Does the name ring a bell? If not, think back to your Constitutional Law class.

In the late 1800s, Illinois denied Bradwell a license to practice law — and it wasn’t because she failed the bar exam.

So she did what any self-respecting, should-have-been-admitted lawyer would do: She took her case all the way to the Supreme Court.

Her attorney argued that Illinois had violated Bradwell’s constitutional rights under the Privileges and Immunities Clause by not giving her the license she had earned and deserved.*

The high court, in a well-reasoned part of Justice Samuel F. Miller‘s 1873 majority opinion, rejected that argument and said a law license is not among the privileges of citizenship.*

But it was Justice Joseph P. Bradley who, in a concurring opinion, gave a spirited defense of good ol’ boy networks when he characterized Bradwell’s case as bigger than the Constitution:

“[T]he civil law, as well as nature herself, has always recognized a wide difference in the respective spheres and destinies of man and woman.
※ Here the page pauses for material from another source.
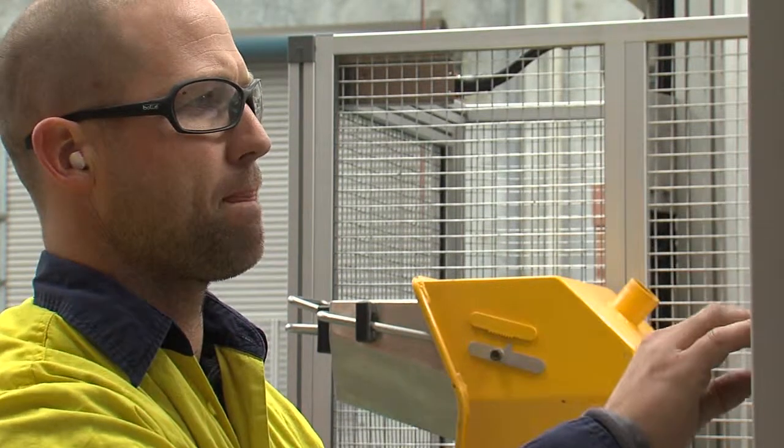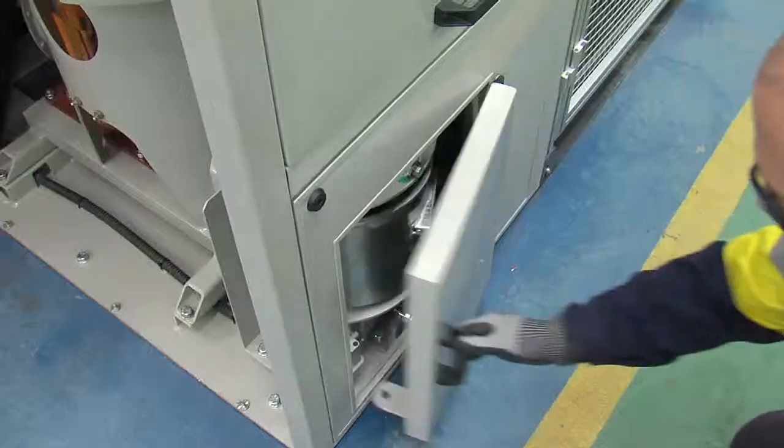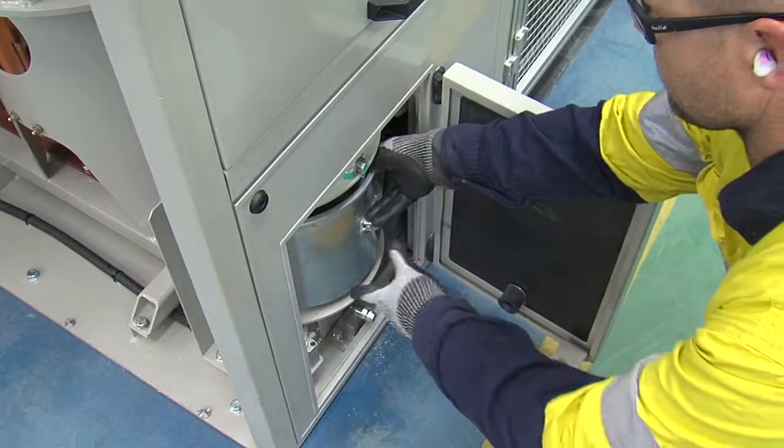Importantly, there is no need for skilled operators. A dried field sample is simply loaded into the crusher and the assay portion is collected at the other end.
Man is, or should be, woman’s protector and defender. The natural and proper timidity and delicacy which belongs to the female sex evidently unfits it for many of the occupations of civil life…. It is true that many women are unmarried and not affected by any of the duties, complications, and incapacities arising out of the married state, but these are exceptions to the general rule. The paramount destiny and mission of woman are to fulfill the noble and benign offices of wife and mother. This is the law of the Creator. And the rules of civil society must be adapted to the general constitution of things, and cannot be based on exceptional cases.”

*It would be another 100 years before anyone — read: then-attorney Ruth Bader Ginsburg — would successfully argue that gender discrimination by a governmental body violates the Equal Protection Clause.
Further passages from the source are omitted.